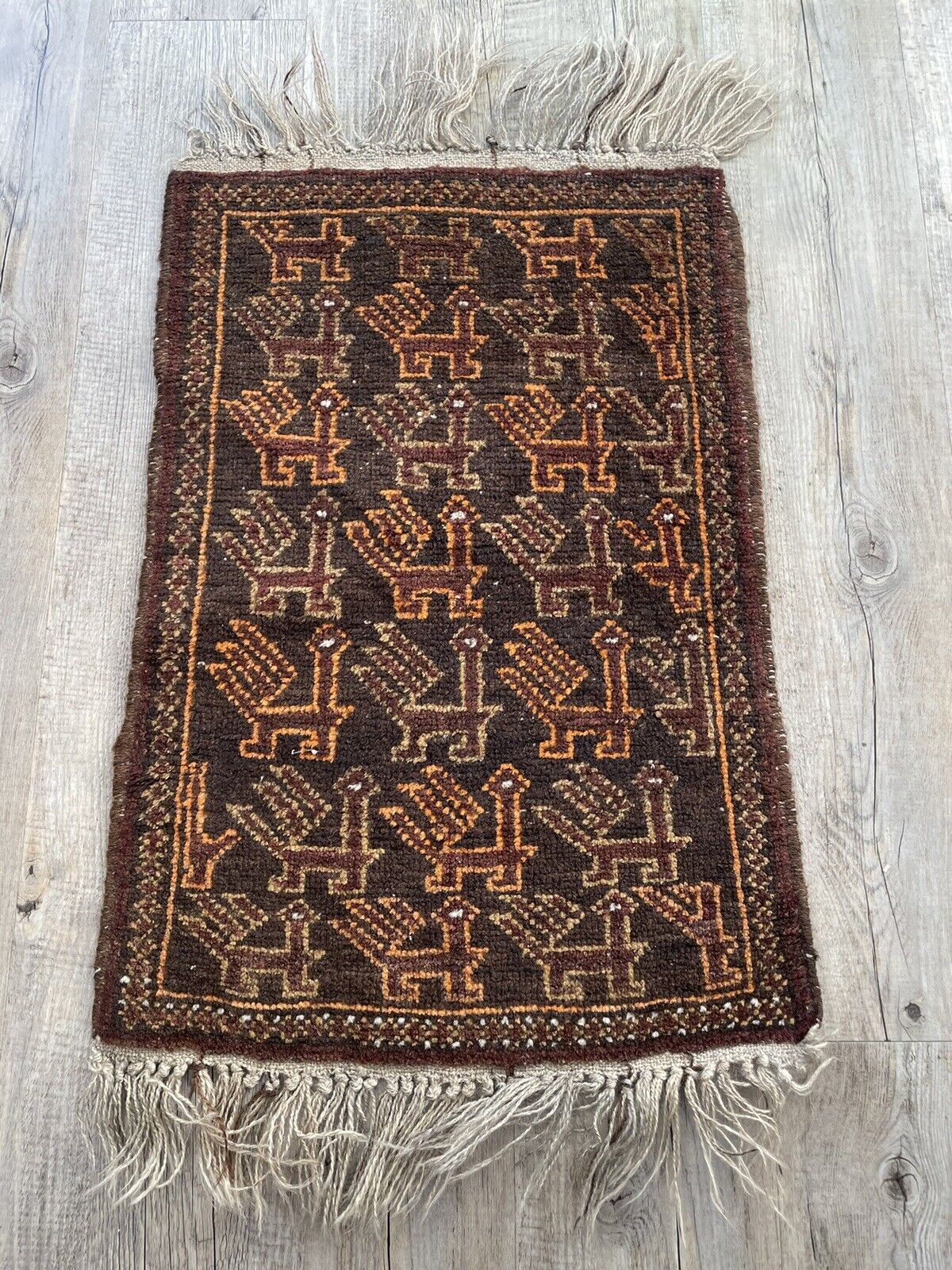 Handmade Vintage Afghan Baluch Collectible Rug - 1940s - Unique repeating animal design showcased in a small-sized rug.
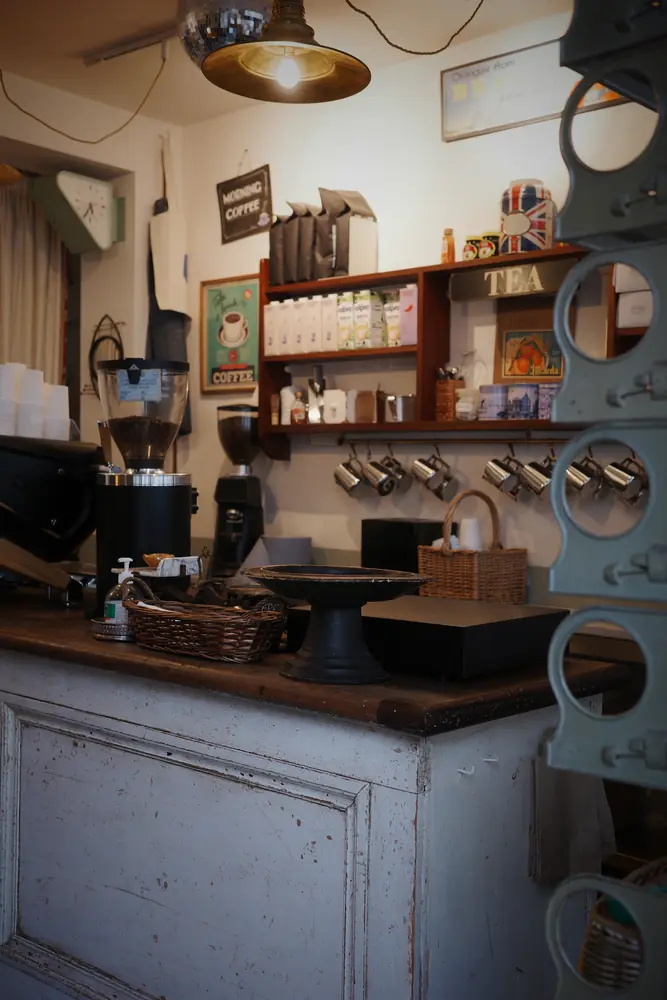 Counter corner with grinder, hanging mugs and vintage posters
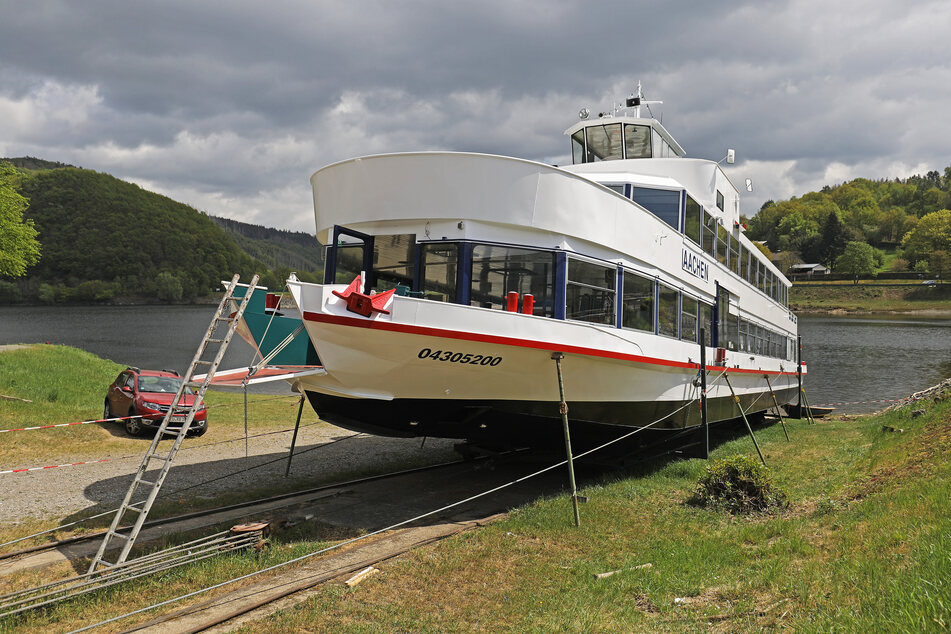 Das Fahrgastschiff "Aachen" liegt am Ufer des Rursees auf dem Trockenen.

> [Exercise description]: Skip every picture and transcribe the data above exactly.

> [Result below]:
 Handmade Vintage Afghan Baluch Collectible Rug - 1940s - Unique repeating animal design showcased in a small-sized rug.
 Counter corner with grinder, hanging mugs and vintage posters
 Das Fahrgastschiff "Aachen" liegt am Ufer des Rursees auf dem Trockenen.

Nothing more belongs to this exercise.